Los gings in den Doppeln.

Unser Einser Doppel musste gegen Kurnoth/Piendl ran. Derzeit nicht in optimaler Form aber trotzdem effektiv. Über 5 spannende Sätze konnten wir das Doppel dann letztendlich klar im fünften Satz mit 11:4 gewinnen.

Als zweier Doppel musste ich mit Philipp gegen Strobl/Lippert ran. Da beide über 1800 TTR-Punkte auf dem Konto haben war das Ergebnis von vornherein eine klare Sache. Chancenlos gingen wir mit 3:0 vom Tisch, was anscheinend beim Gegner für ein Lächeln sorgte. Das sollte sich aber mittelfristig ändern.
Das Doppel drei mit einem an diesem Tag extrem starken Nicolas durfte gegen Greisinger/Schmatz ran. Klare Sache mit 11:6, 11:7 und 10:12 (im dritten haben Sie schon 5:1 und 7:4 geführt). Da fällt Dir eigentlich nix mehr ein, vor allem wenn nach dem Spiel die Aussage von beiden kommt: „Was habt´s denn wir haben doch klar zu 8 gewonnen, oder? Aufpassen auf die Wortwahl „oder“. Ich hab dann mal beide aufgeklärt, dass das Spiel in der Verlängerung gewonnen wurde. Hat mir natürlich keiner geglaubt, erst als ich den Spielbericht vorlegte. Der Kommentar von Hansi dann nur. „Ahhhh hatten alles im Griff, mein Topspin ist gekommen“ Ohh man, da machst was mit.

Yea 2:1 für Eschenbach. Wie anfangs geplant.

Nun gings mit dem vorderen Paarkreuz weiter.

Strobel (TTR 1822) gegen Jonas (TTR 1692). Top Spiel auf hohem Niveau, Spitzenballwechseln mit dem leider besseren Ende für Chamerau. Der letzte Punkt im Satz wollte einfach nicht her. 12:14, 14:16, 11:4 und 8:11, das sagt einiges. Jonas wäre eigentlich der verdiente Sieger gewesen, da sich Strobel über die ersten beiden Sätze retten konnte. Die Chance hierzu war mehrmals da. Trotzdem super Leistung gegen einen Gegner mit einem TTR von 1822.

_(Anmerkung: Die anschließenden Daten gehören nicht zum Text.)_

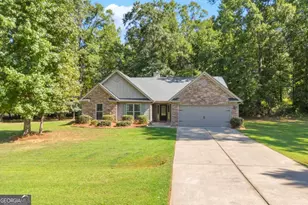111 Buttercup Ln, Bogart, GA 30622 - Photo 2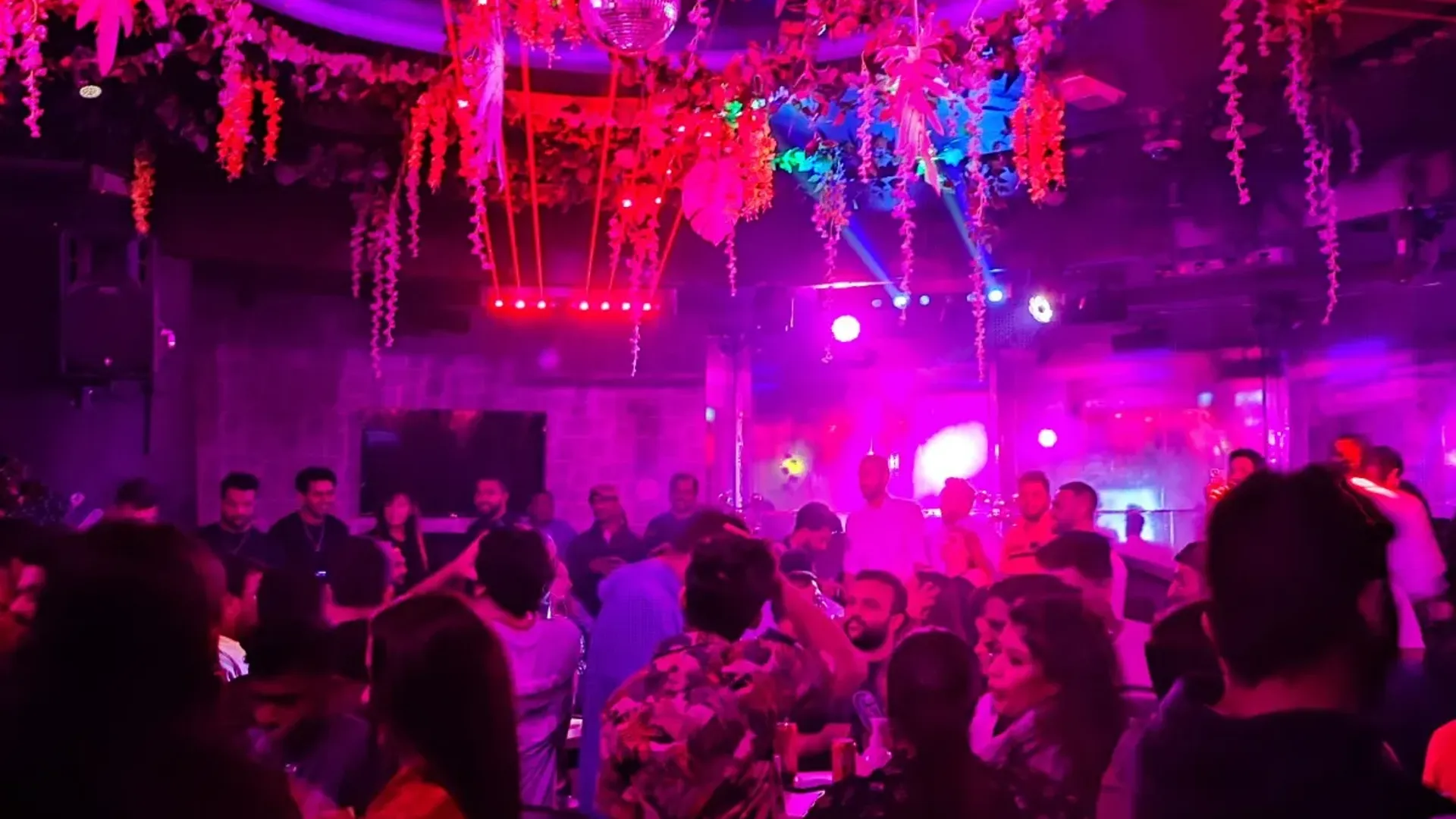 Doha's EDM Nightclubs: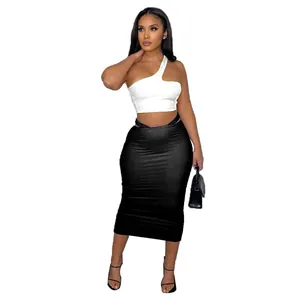 Détail de l'ensemble d'été deux pièces avec crop top blanc et jupe crayon noire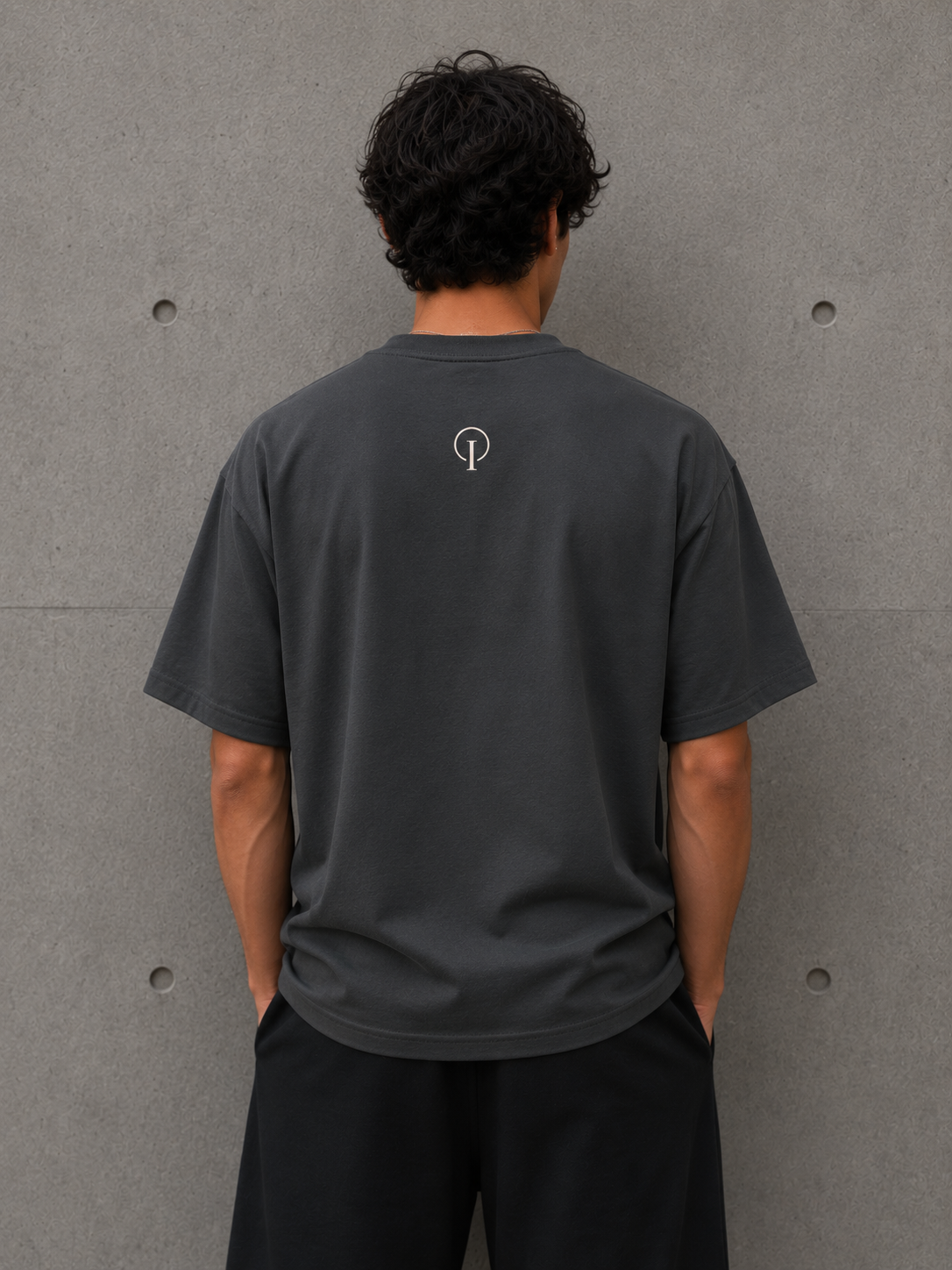 ONEIAM Essential Tee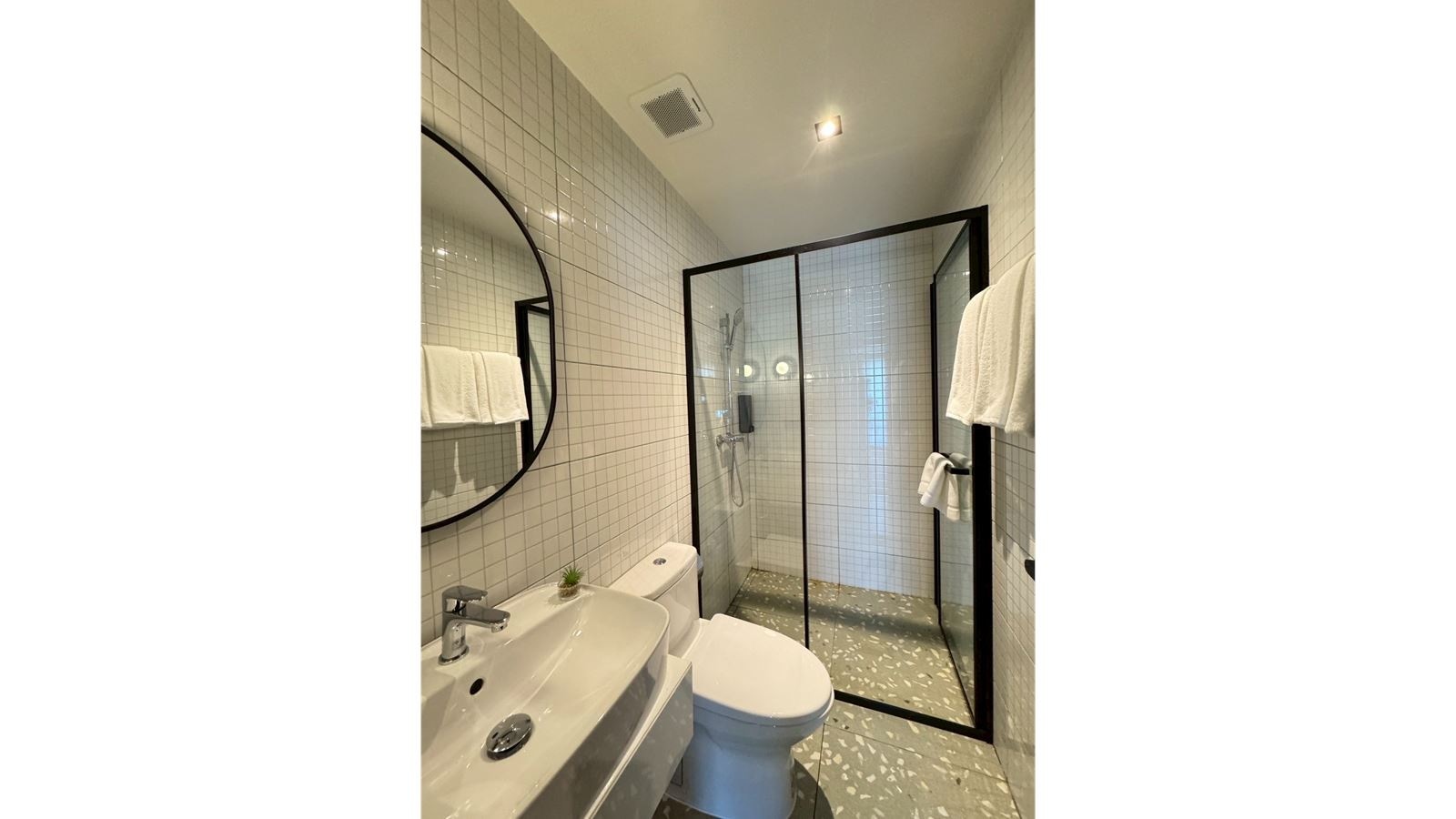 rooms-deluxe-suite-room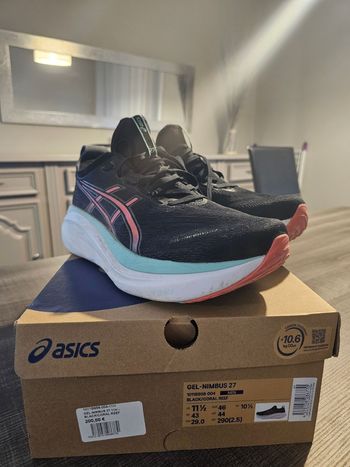 Použité Asics nimbus 27 2025 Running Shoes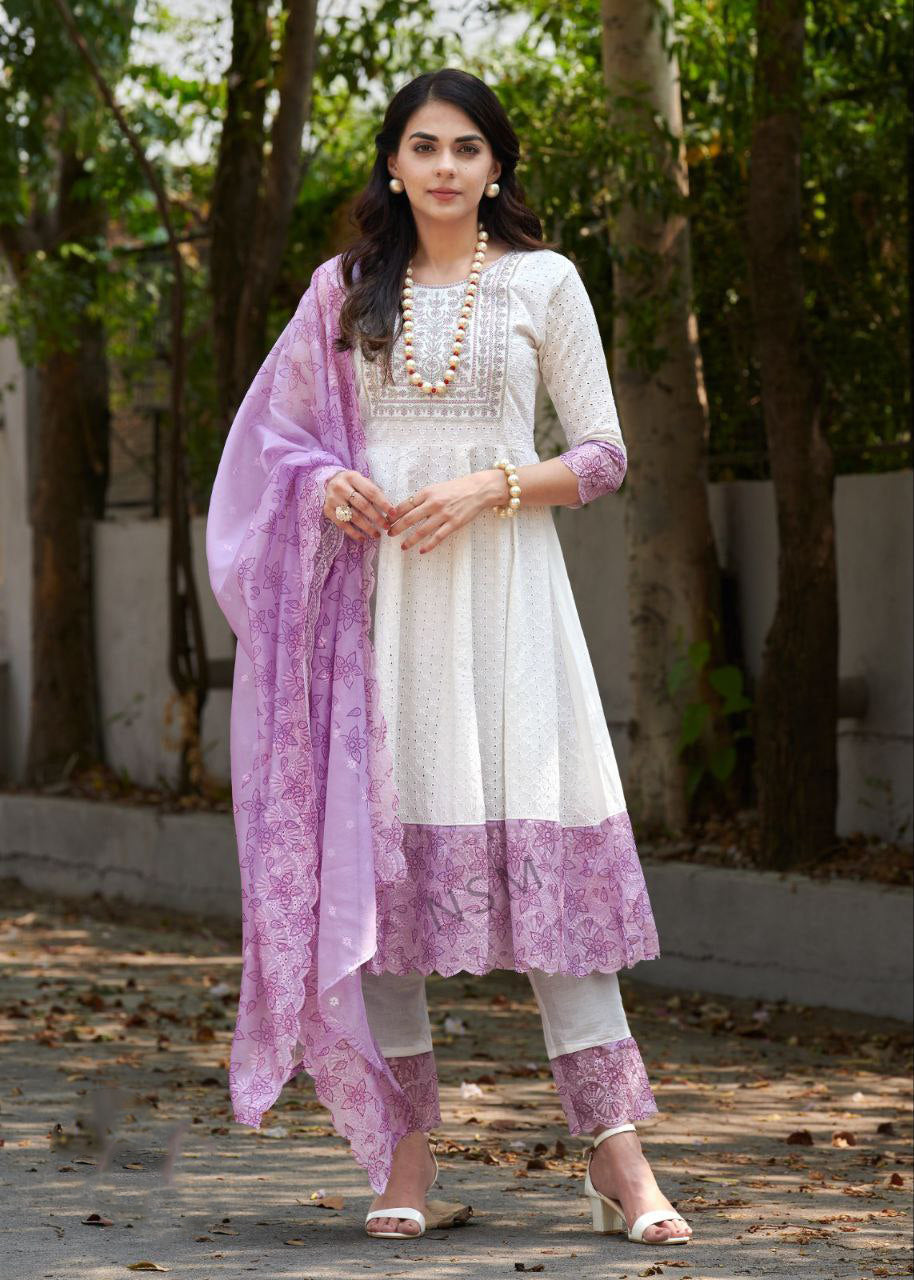 LUXE CHIC  HEAVY SHIFFLI STICH SUIT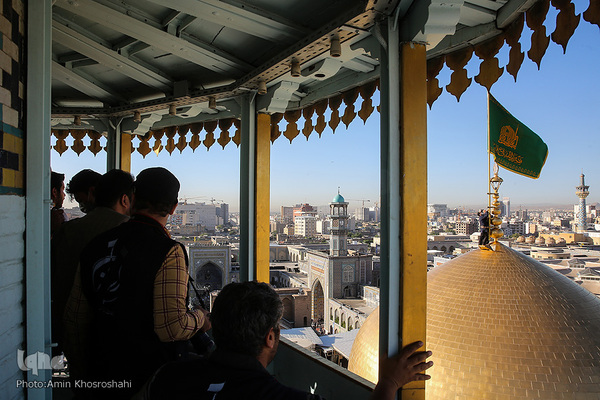 آئین تعویض پرچم گنبد حرم امام رضا(ع)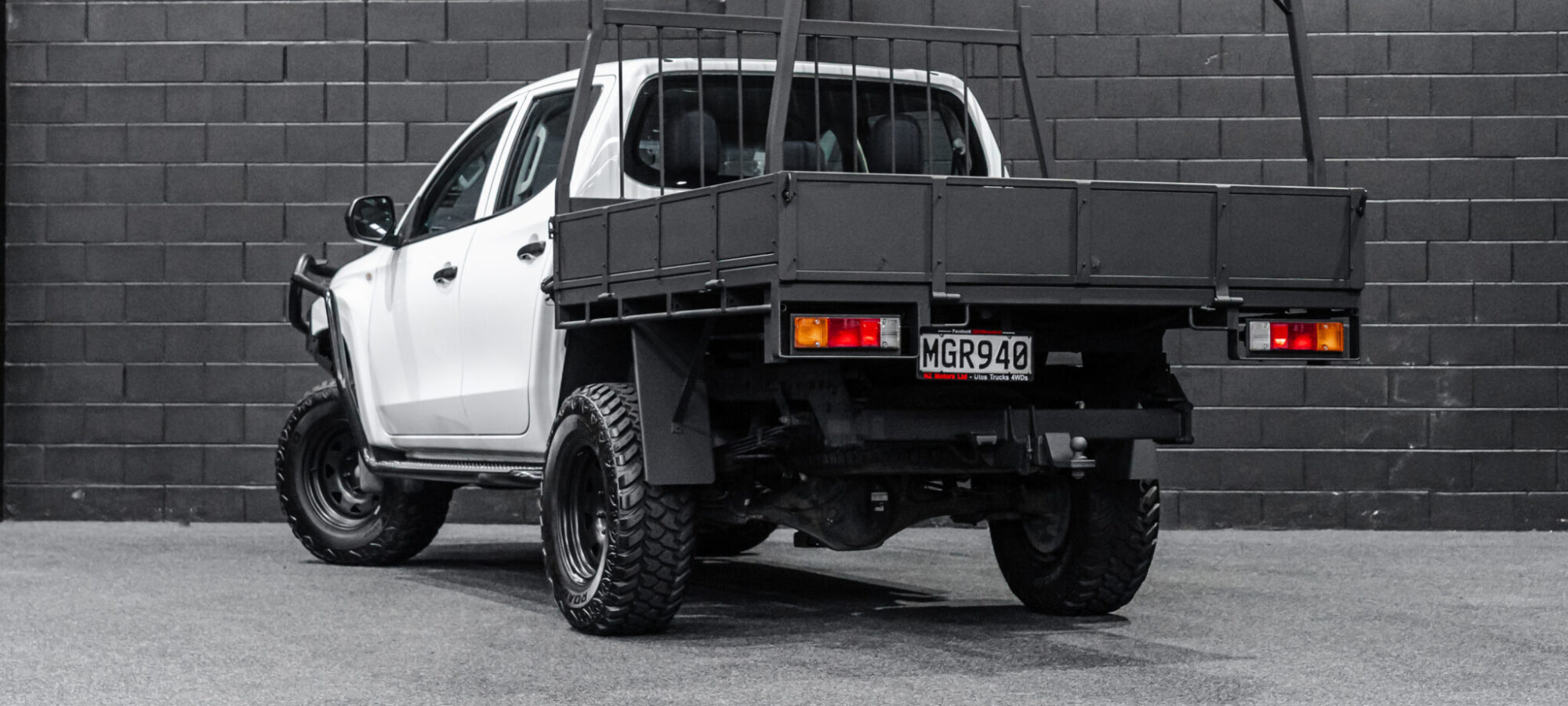 Vehicle Gallery Image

Lippert (TTR 1805) gegen Tom (TTR 1796). Unser Alpha hatte an diesem Tag extreme Probleme mit der Konzentration so wurde das Spiel gegen den „Dattelkauer“ zu einer sehr langen und anstrengenden Partie. Der erste Satz ging mit 11:9 nach Chamerau, bereits hier haderte Tom mit den ewigen Handtuch- und Schuh-Nass-Mach-Pausen des Gegners. Satz zwei lief ähnlich zäh konnte jedoch von Tom dann knapp mit 11:9 gewonnen werden. Satz drei ging wieder an den Gegner und das Desaster mit den Pausen ging pausenlos weiter. Das war wirklich nicht normal. Nach dem dritten Satz habe ich Tom dann mal gesagt er soll die 6 Punkte Handtuchregel seinem Gegner mal näher bringen. Das hat er in seiner charmanten Art und Weise dann auch getan. Der Gegner wollte das wohl nicht so richtig akzeptieren und hätte sich dabei fast an seiner getrockneten Dattel verschluckt die er zwischen den Satzpausen immer gekaut hat. Den Fehler vor dem sechsten Punkt zum Handtuch zu gehen machte er jedoch nur einmal. Tom sagte dann: „Wolfram, das ist jetzt nicht dein Ernst, willst Du mich verarschen oder nimmst Du eine Auszeit?“. Das Spiel hatte auch im vierten Satz keinen eindeutigen Sieger, konnte jedoch wieder knapp mit 11:9 gewonnen werden. Im fünften lief es etwas besser und somit war das Ergebnis mit 11:7 eine klare Sache. Was man alles schaffen kann wenn man sich konzentriert, gell Tom.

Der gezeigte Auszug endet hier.